Bien que porteur des marquages d’Air Canada Express l’avion de ligne appartient à la compagnie régionale Jazz Aviation. Ce dimanche 22 mars 2026 au soir un Bombardier CRJ-900 avec 76 passagers et membres d’équipage a heurté sur le taxiway de l’aéroport de New York La Guardia un véhicule de lutte contre l’incendie. L’accident d’une rare violence a causé la mort de deux membres d’équipage et blessé 39 personnes parmi les occupants de l’appareil et les soldats du feu. Les agents fédéraux du National Transport Safety Board ont été saisi des investigations.

Il était 23 heures 37, heure de la côte est des États-Unis, ce dimanche soir quand le vol AC8646 s’est posé sur l’aéroport de New York La Guardia. Il arrivait de Montréal au Canada avec soixante-douze passagers et quatre membres d’équipage à son bord. L’atterrissage s’est déroulé sans aucune difficulté. Sous les ordres du contrôle aérien le commandant de bord a commencé à faire circuler son avion de ligne à travers les taxiways à destination du débarquement des passagers.

Dans le même temps un Boeing 737 Max 8 de la compagnie United Airlines a avorté à deux reprises son décollage à destination de Chicago. À bord du vol UA2384 une forte odeur se faisait ressentir et le commandant de bord en a avisé la tour de contrôle qui a pris la décision d’envoyer en urgence les services de secours. Également sous les ordres des contrôleurs les soldats du feu traversaient les taxiways en direction du 737 Max 8 à bord de leurs camions.

Et c’est là que le drame est survenu. Alors que le Bombardier CRJ-900 d’Air Canada Express était au roulage à une vitesse annoncée par le NTSB de 211 kilomètres heures il a heurté de plein fouet le véhicule mousse poudre. Le nez de l’avion et le poste de pilotage sont venus s’écraser contre le flanc du camion de pompiers. Ce dernier a littéralement valdingué à plusieurs mètres alors qu’il pèse près de trente tonnes. Sous le choc de l’impact l’avion de ligne s’est cabré sur l’arrière.

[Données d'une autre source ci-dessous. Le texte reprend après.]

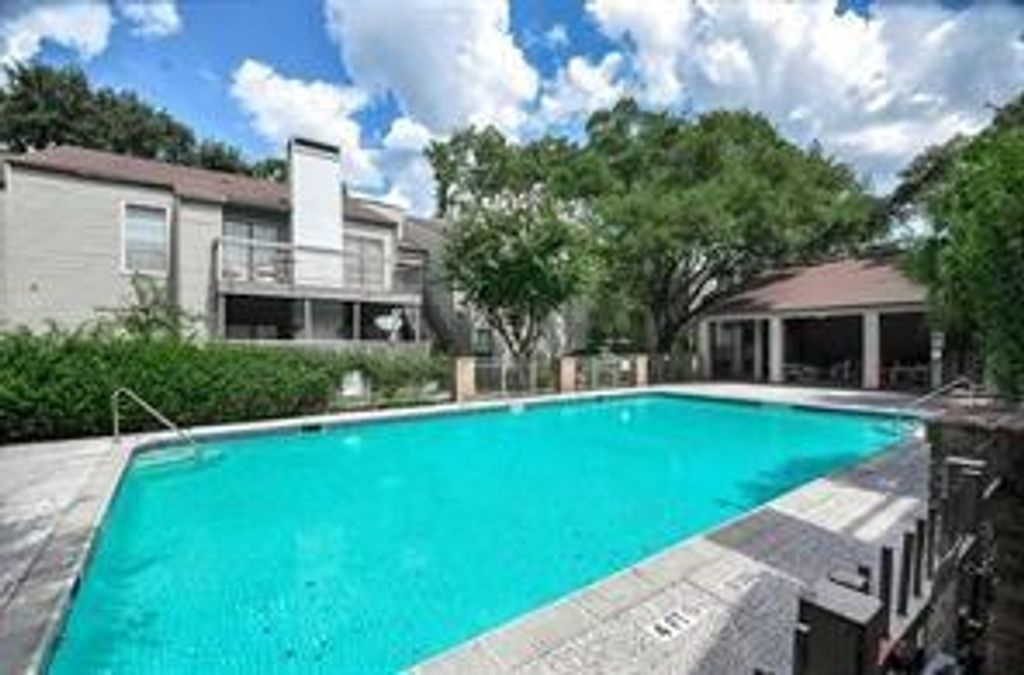 9707 Richmond Avenue 46, Houston, TX 77042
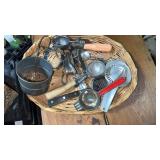 Miscellaneous lot of kitchen utensils in a basket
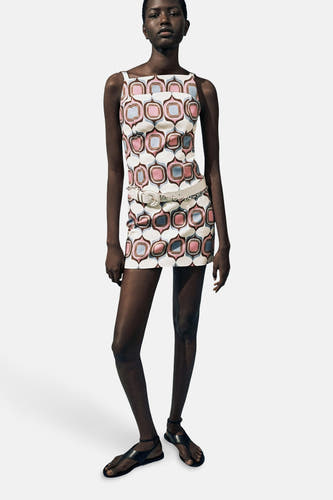 Multikleurige korte rok van MANGO, met retro grafisch patroon en smalle witte riem.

À bord de l’avion les deux pilotes ont été tué sur le coup tandis que les deux personnelles navigantes commerciales ont été projetées violemment vers l’arrière de la cabine. Elles sont toutes deux polytraumatisées et leurs pronostics vitaux ont été engagés. Trente cinq passagers ont été blessés plus ou moins grièvement, nécessitant une hospitalisation en urgence. Deux des pompiers du camion impacté ont également été pris en charge par les secours de secours et souffrent de multiples traumatismes.
Les deux PNC, deux passagers, et un pompier ont d’ailleurs été évacués à bord d’hélicoptères médicalisés vers les principaux hôpitaux de New York.

Les pistes de l’aéroport étant restées fermées plusieurs heures afin de permettre aux équipes de secours d’intervenir correctement le trafic aérien de La Guardia a été en grande partie reporté sur JFK, l’autre aéroport new-yorkais. Les autorités canadiennes ont indiquées à leurs homologues américaines participer au plus près à l’enquête.
L’accident de ce vol AC8646 est le plus grave qu’un avion d’Air Canada ait connu au 21ème siècle. Ce transporteur est réputé pour être un des plus sûrs au monde.

Les enquêteurs sont d’ores et déjà à pied d’œuvre pour comprendre ce qu’il s’est passé.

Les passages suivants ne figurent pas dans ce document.